Sliding inner curve and Group B

We take look at the SCX Group B set of cars and the venerable snow curve which puts racers into a tight corner with low traction. However before you start talking about the cars lets take a look at what Group B actually was in the 1980’s.

History

Group B was introduced by the FIA in 1982 as replacement for both Group 4 (modified grand touring) and Group 5 (touring prototypes) cars.

Group A referred to production-derived vehicles limited in terms of power, weight, allowed technology and overall cost. The base model had to be mass produced (5000 units/year) and had to have 4 seats. Group A was aimed at ensuring a large number of privately-owned entries in races.

 

By contrast, Group B had few restrictions on technology, design and the number of cars required for homologation to compete—200, less than other series. Weight was kept as low as possible, high-tech materials were permitted, and there were no restrictions on boost, which turned out to mean almost unlimited power. The category was aimed at car manufacturers by promising outright competition victories and the subsequent publicity opportunities without the need for an existing production model. There was also a Group C, which had a similarly lax approach to chassis and engine development, but with strict rules on overall weight and maximum fuel load.
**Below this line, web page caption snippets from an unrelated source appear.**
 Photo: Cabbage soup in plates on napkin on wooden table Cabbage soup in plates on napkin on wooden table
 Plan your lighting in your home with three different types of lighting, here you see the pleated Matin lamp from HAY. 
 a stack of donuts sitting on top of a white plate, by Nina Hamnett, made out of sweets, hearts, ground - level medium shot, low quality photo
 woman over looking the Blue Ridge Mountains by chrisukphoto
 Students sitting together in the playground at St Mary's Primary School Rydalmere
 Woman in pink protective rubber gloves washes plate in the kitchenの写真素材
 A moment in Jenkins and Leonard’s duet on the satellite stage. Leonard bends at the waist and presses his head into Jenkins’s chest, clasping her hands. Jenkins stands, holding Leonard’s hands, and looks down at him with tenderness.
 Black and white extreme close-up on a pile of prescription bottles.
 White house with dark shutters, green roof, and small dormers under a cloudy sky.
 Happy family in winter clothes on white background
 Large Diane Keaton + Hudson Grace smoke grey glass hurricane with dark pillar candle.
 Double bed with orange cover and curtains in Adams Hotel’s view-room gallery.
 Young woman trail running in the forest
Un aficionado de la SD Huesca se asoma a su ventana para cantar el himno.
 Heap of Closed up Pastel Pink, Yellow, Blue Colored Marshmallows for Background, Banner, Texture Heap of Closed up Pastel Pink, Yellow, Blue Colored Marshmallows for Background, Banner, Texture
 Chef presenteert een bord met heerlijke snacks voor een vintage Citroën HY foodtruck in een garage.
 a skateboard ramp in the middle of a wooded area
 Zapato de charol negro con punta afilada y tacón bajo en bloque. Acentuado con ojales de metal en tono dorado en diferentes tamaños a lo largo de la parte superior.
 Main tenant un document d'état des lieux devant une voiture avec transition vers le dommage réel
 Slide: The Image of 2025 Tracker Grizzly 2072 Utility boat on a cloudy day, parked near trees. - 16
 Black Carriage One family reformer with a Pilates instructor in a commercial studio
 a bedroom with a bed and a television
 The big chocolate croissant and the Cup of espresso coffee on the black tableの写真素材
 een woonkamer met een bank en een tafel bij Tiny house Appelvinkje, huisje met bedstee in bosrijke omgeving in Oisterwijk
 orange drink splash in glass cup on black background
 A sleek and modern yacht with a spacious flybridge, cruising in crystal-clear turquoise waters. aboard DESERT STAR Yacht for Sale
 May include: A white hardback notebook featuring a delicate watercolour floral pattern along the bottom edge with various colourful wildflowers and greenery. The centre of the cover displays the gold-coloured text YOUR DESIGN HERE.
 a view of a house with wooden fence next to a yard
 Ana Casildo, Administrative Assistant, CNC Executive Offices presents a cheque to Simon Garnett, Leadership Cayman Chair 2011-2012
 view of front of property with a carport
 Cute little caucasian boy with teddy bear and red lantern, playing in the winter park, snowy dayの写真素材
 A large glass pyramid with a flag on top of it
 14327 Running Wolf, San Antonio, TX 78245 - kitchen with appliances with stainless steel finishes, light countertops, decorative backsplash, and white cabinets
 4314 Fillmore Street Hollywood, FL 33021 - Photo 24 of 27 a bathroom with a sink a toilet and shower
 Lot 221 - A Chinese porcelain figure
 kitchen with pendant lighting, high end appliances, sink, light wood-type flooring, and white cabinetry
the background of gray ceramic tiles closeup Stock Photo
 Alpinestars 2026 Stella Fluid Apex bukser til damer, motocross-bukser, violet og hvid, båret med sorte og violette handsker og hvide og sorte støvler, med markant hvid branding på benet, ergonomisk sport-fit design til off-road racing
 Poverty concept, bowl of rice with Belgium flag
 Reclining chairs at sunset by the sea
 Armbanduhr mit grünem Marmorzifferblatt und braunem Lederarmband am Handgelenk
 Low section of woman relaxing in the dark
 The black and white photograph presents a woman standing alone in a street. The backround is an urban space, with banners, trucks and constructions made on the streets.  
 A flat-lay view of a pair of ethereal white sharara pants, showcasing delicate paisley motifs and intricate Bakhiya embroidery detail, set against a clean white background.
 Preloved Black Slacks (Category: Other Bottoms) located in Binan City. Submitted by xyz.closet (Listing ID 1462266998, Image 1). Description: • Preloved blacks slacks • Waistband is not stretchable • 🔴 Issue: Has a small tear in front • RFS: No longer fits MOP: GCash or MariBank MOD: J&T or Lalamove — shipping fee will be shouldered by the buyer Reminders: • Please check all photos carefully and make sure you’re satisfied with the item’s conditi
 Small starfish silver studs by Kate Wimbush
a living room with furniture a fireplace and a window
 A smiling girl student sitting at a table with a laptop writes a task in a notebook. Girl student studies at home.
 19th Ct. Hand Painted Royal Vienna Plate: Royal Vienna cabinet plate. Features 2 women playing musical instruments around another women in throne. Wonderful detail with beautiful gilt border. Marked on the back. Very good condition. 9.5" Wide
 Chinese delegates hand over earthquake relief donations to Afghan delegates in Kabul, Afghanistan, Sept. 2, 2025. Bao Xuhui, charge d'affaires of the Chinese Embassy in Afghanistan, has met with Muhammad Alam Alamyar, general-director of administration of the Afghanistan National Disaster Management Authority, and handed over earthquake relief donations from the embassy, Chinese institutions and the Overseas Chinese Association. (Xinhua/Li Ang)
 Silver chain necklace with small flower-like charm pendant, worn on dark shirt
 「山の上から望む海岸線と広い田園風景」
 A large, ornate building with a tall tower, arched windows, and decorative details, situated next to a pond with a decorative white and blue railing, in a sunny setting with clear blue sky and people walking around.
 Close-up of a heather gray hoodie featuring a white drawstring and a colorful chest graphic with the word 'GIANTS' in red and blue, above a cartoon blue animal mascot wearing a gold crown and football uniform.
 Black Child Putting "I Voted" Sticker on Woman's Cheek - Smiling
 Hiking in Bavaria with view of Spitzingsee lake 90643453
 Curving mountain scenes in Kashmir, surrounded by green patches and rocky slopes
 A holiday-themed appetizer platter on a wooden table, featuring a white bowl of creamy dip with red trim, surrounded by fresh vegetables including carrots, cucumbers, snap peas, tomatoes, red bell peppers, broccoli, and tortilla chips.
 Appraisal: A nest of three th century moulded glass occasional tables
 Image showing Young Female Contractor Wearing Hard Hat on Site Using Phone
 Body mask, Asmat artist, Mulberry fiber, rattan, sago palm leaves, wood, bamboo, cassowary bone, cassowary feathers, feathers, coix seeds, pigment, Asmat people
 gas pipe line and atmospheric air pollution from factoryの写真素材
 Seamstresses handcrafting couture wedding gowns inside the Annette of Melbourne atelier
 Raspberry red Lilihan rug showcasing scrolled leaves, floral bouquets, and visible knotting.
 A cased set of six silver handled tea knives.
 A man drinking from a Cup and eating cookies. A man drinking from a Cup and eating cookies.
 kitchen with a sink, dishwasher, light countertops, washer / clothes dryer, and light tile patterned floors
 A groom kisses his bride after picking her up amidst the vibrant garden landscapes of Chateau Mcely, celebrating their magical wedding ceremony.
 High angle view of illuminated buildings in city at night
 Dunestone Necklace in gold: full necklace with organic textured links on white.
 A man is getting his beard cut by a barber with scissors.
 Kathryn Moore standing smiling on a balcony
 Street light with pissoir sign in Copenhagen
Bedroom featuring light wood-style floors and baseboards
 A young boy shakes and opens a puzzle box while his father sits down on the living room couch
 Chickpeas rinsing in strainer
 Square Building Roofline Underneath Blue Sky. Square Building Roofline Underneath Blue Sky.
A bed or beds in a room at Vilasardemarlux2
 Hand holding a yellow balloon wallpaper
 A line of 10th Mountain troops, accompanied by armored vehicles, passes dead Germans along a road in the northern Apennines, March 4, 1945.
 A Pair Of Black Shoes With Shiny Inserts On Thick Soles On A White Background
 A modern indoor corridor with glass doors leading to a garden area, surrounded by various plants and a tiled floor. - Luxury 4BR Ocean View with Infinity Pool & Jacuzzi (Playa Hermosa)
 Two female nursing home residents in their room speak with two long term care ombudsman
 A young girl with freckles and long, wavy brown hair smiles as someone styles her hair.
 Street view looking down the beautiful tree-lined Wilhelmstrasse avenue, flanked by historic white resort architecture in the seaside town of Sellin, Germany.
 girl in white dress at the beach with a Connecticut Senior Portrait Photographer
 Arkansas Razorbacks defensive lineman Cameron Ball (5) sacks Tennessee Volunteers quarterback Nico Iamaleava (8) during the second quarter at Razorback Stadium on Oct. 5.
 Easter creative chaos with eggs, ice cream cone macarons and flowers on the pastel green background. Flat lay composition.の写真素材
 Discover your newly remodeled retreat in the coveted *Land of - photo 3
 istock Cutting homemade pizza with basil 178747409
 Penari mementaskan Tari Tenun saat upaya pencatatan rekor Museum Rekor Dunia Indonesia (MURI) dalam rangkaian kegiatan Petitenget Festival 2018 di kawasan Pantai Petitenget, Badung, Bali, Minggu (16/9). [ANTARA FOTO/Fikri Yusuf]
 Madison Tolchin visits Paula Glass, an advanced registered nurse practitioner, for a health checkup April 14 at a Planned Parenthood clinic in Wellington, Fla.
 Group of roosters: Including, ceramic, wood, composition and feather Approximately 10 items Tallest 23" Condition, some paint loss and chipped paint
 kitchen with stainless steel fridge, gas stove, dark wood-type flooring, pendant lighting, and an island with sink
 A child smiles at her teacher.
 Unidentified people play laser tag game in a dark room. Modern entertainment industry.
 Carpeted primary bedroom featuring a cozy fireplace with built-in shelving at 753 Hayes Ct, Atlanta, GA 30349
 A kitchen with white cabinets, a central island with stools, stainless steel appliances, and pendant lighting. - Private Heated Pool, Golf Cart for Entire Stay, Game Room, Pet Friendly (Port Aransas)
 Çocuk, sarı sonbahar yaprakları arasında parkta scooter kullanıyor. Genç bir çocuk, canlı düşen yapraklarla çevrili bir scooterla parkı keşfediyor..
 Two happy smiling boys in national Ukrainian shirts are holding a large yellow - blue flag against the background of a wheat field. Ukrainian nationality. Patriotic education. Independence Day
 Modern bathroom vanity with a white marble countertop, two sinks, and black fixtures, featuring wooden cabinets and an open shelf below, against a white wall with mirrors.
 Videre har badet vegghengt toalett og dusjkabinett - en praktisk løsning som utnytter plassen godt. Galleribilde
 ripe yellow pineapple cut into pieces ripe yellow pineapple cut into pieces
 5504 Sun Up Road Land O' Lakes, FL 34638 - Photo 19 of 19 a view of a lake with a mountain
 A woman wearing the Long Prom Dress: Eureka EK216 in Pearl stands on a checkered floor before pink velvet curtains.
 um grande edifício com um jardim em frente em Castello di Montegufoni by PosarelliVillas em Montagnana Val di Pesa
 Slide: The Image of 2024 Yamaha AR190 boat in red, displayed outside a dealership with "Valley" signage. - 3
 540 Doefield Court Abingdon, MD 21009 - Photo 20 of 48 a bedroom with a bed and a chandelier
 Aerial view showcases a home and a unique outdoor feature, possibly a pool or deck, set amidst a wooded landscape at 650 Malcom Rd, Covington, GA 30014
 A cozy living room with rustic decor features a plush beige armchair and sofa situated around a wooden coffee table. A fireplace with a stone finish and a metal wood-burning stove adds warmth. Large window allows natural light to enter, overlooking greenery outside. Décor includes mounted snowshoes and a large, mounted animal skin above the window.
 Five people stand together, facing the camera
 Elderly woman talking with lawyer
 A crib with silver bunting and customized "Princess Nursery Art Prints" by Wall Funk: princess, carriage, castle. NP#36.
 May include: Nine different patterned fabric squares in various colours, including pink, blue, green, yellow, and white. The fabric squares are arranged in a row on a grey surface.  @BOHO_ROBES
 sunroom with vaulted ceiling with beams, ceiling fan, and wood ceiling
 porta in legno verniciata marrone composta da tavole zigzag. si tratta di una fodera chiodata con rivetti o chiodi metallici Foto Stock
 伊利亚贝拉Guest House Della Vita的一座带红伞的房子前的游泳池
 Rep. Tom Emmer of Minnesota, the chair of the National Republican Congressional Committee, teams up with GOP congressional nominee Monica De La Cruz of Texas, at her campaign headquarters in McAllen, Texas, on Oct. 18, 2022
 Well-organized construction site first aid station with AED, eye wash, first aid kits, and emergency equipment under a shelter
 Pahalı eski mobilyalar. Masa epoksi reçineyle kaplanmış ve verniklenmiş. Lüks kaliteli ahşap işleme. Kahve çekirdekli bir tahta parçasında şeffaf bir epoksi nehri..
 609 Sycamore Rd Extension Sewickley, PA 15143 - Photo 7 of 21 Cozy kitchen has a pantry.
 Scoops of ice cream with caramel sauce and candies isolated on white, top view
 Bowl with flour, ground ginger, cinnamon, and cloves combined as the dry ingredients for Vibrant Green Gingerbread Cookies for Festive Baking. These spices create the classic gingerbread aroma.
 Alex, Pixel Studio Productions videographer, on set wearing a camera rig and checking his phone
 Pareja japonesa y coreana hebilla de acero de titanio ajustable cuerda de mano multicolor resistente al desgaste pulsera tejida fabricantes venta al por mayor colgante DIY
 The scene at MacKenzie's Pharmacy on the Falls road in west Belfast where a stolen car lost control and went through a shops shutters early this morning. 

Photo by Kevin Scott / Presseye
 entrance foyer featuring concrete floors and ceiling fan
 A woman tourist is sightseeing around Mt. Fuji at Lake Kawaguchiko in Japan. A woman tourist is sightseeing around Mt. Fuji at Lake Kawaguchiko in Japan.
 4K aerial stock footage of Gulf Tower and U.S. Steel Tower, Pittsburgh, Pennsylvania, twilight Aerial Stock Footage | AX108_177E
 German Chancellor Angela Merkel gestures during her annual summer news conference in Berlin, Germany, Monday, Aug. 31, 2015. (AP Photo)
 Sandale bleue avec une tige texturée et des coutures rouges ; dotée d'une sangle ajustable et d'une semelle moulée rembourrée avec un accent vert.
Group B was initially a very successful concept, with many manufacturers joining the premier World Rally Championship, and increased spectator numbers. But the cost of competing quickly rose, and the performance of the cars proved too much, resulting in a series of fatal crashes. As a consequence Group B was cancelled at the end of 1986 and Group A regulations became the standard for all cars until the advent of World Rally Cars in 1997.

In the following years Group B found a niche in the European Rallycross Championship, with cars such as the Renuault 5 and the Lancia Delta competing. For 1993, the FIA replaced the Group B models with prototypes that had to be based on existing Group A cars, but still followed the spirit of Group B, with low weight, 4WD, high turbo boost pressure and staggering amounts of power.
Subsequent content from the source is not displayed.